■ **Given information**
↓

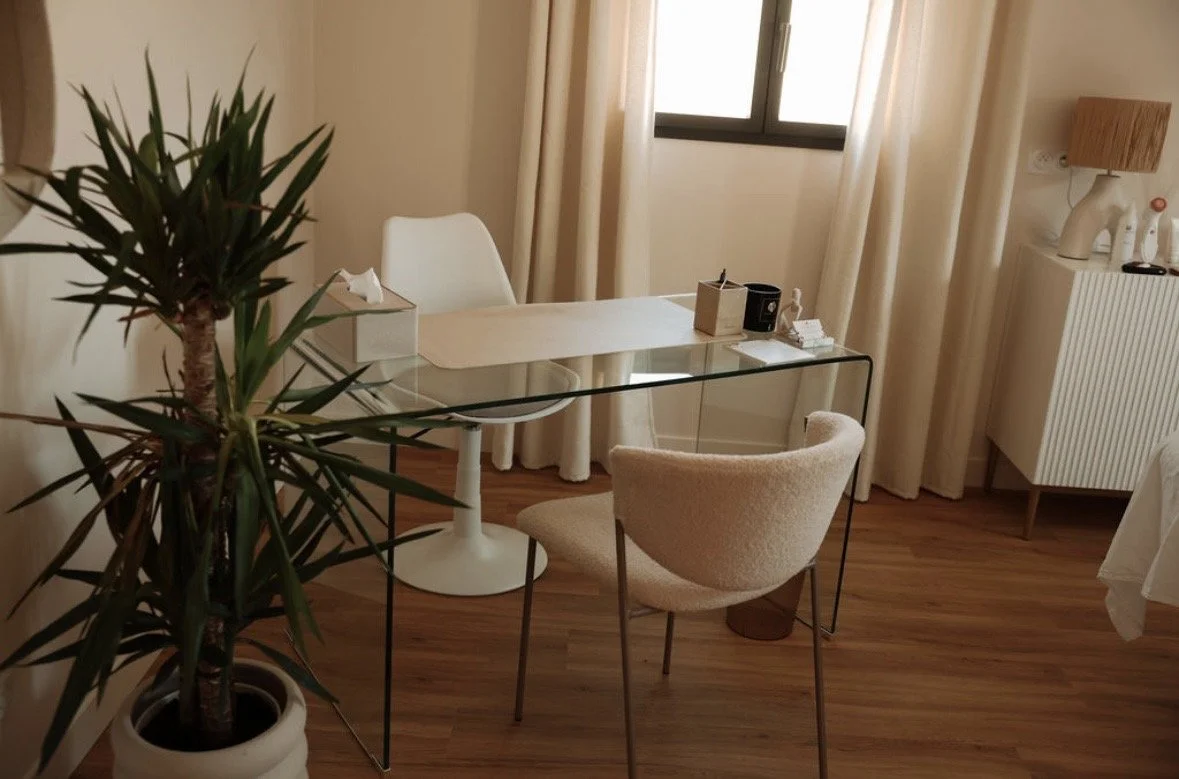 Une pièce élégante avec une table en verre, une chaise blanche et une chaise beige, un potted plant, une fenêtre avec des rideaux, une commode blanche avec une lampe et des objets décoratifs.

↑
↓

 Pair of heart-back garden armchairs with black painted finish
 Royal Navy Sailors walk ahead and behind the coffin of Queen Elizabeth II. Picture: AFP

↑
↓

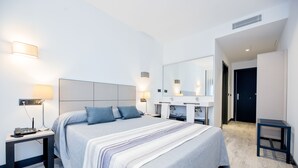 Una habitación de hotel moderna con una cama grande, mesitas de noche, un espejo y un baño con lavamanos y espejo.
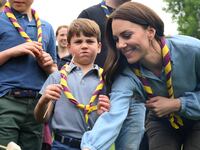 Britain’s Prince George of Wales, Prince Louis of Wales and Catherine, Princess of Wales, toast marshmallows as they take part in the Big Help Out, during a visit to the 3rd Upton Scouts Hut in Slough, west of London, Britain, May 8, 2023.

↑

■ **Prompt**
All that is wanted is the lines above between the one containing "Una habitación de" and the one containing "Britain’s Prince George", inclusive, restated word for word, with pictures omitted.

■ **Response for this exercise**
 Una habitación de hotel moderna con una cama grande, mesitas de noche, un espejo y un baño con lavamanos y espejo.
 Britain’s Prince George of Wales, Prince Louis of Wales and Catherine, Princess of Wales, toast marshmallows as they take part in the Big Help Out, during a visit to the 3rd Upton Scouts Hut in Slough, west of London, Britain, May 8, 2023.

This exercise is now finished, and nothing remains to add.